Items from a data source
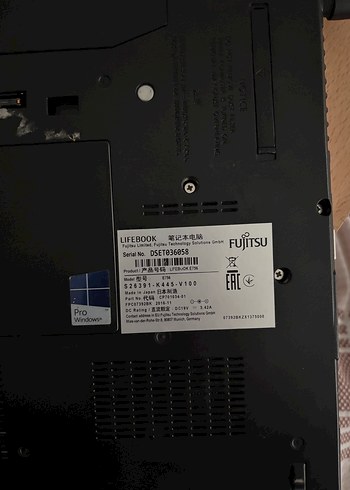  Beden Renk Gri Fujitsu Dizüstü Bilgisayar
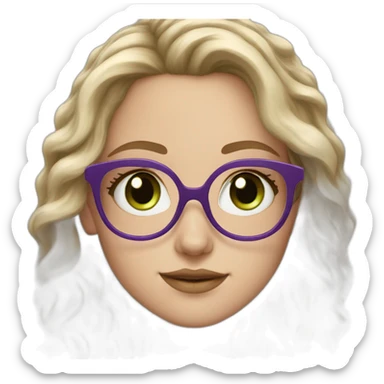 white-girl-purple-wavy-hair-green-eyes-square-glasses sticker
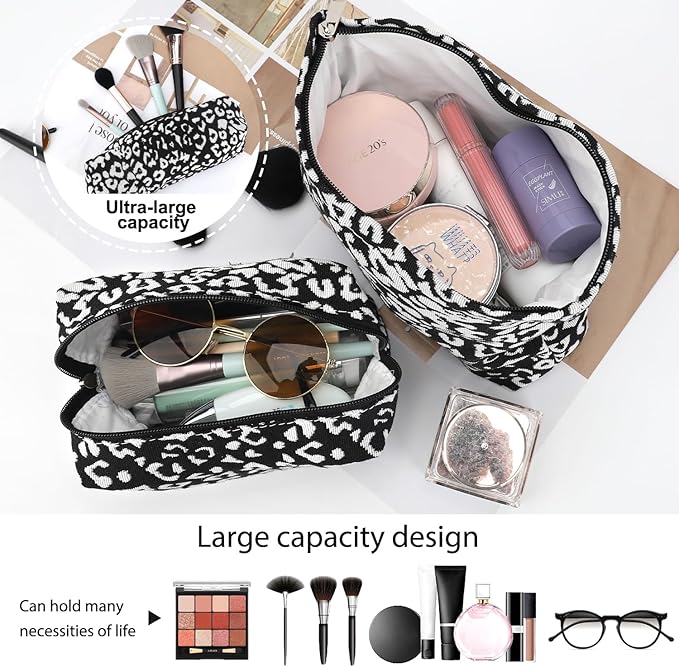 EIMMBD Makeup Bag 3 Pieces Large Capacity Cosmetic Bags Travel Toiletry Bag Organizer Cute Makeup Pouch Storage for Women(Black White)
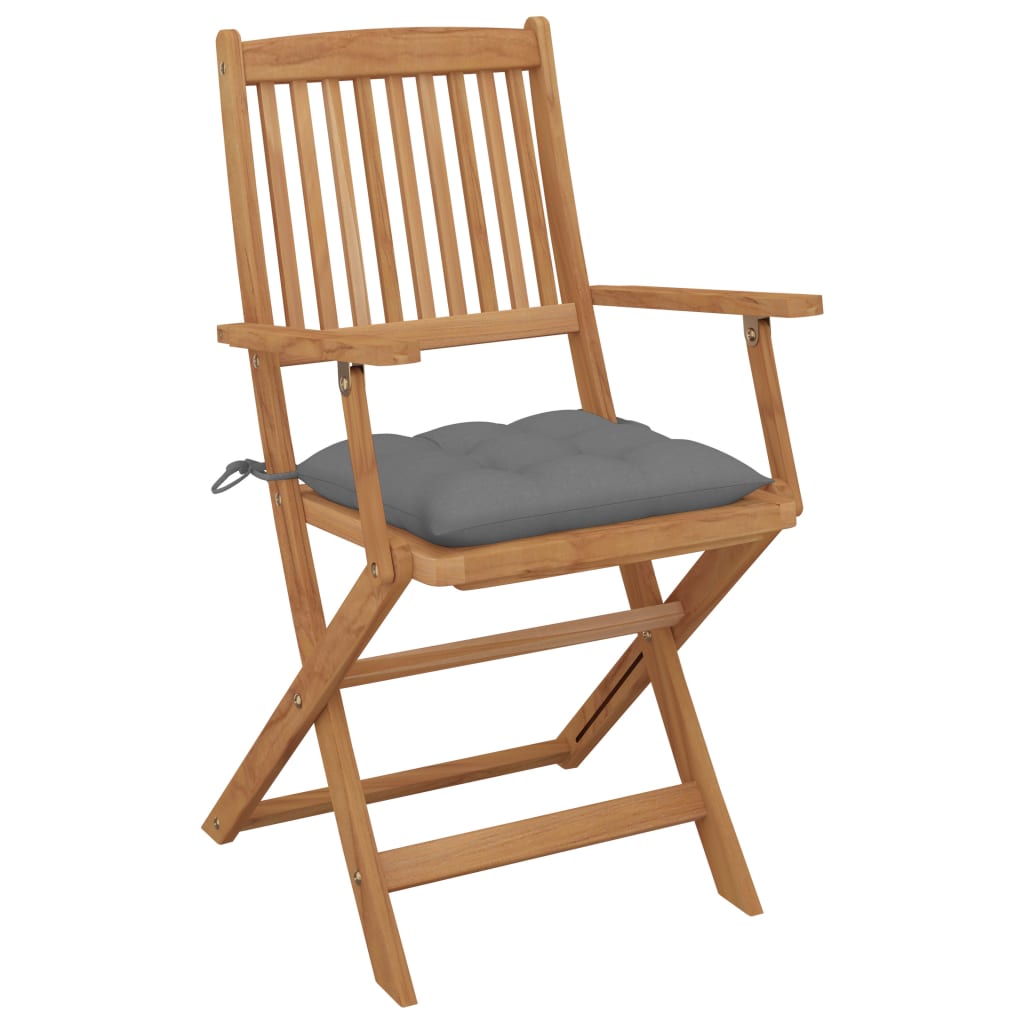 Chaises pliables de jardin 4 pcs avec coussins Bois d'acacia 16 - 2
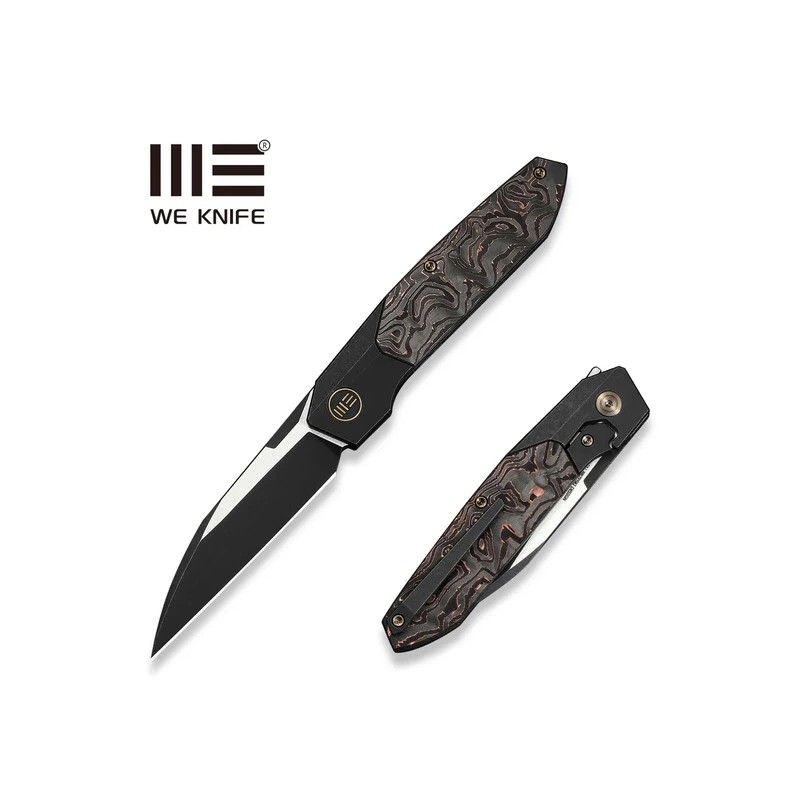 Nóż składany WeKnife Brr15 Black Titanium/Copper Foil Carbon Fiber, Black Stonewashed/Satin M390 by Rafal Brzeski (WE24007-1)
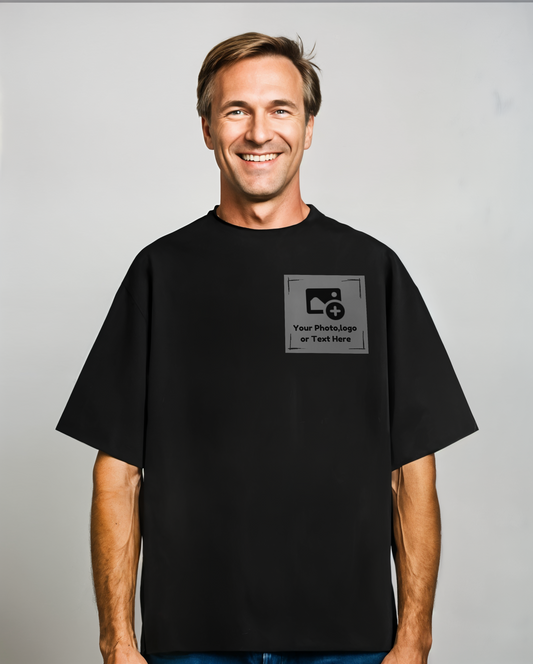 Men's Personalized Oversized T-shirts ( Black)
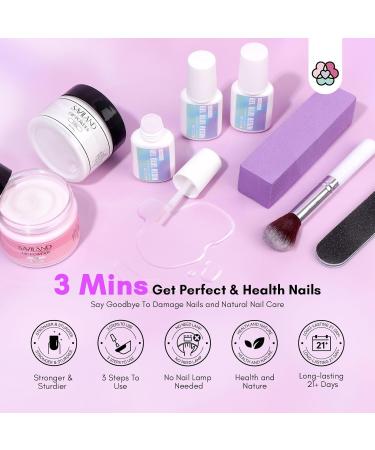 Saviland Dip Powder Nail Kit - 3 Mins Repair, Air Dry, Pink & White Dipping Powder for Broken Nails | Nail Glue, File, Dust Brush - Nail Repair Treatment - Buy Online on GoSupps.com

| Task to complete |
Transcribe the entries from their first line to the line that holds "Men's Personalized Oversized", both included, and skip every picture.

| Exercise output |
  Beden Renk Gri Fujitsu Dizüstü Bilgisayar
 white-girl-purple-wavy-hair-green-eyes-square-glasses sticker
 EIMMBD Makeup Bag 3 Pieces Large Capacity Cosmetic Bags Travel Toiletry Bag Organizer Cute Makeup Pouch Storage for Women(Black White)
 Chaises pliables de jardin 4 pcs avec coussins Bois d'acacia 16 - 2
 Nóż składany WeKnife Brr15 Black Titanium/Copper Foil Carbon Fiber, Black Stonewashed/Satin M390 by Rafal Brzeski (WE24007-1)
 Men's Personalized Oversized T-shirts ( Black)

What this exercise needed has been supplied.